- _To do_: Print the listing below verbatim, passing over each picture.

- _Data extract_:

++++++

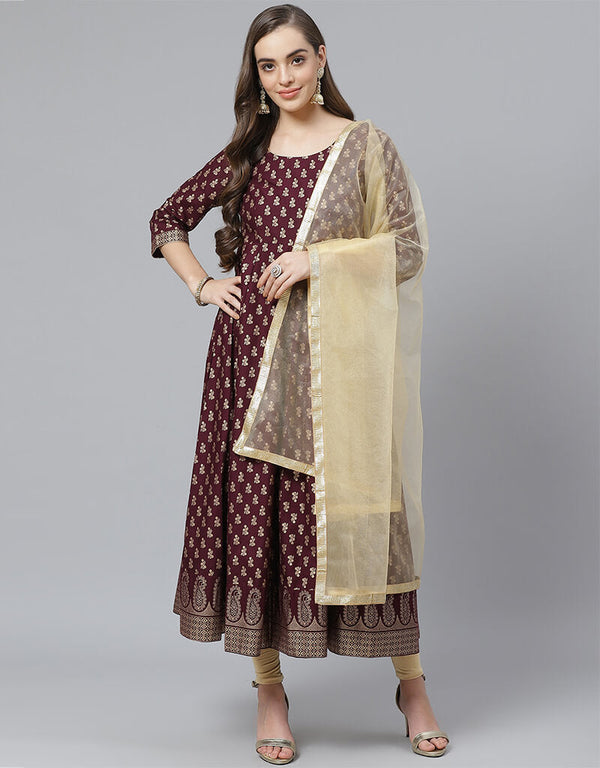 Purple Cotton Lenggies Suit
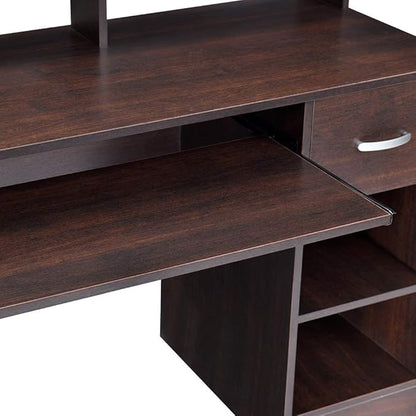 ROCKPOINT Axess Computer Keyboard Tray and Drawer Small Home Office Bedroom, Homework and School Studying Writing Desk for Student with Storage,Chocolate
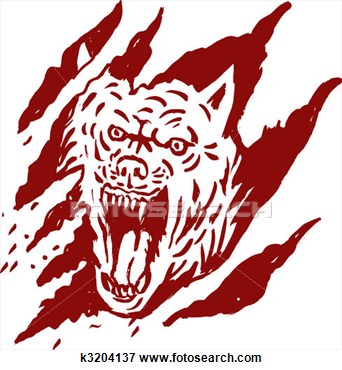Angry Wolf Inside Paw Tear Scratch Marks K3204137   Search Eps Clipart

++++++

- _Solution for this task_:
 Purple Cotton Lenggies Suit
 ROCKPOINT Axess Computer Keyboard Tray and Drawer Small Home Office Bedroom, Homework and School Studying Writing Desk for Student with Storage,Chocolate
Angry Wolf Inside Paw Tear Scratch Marks K3204137   Search Eps Clipart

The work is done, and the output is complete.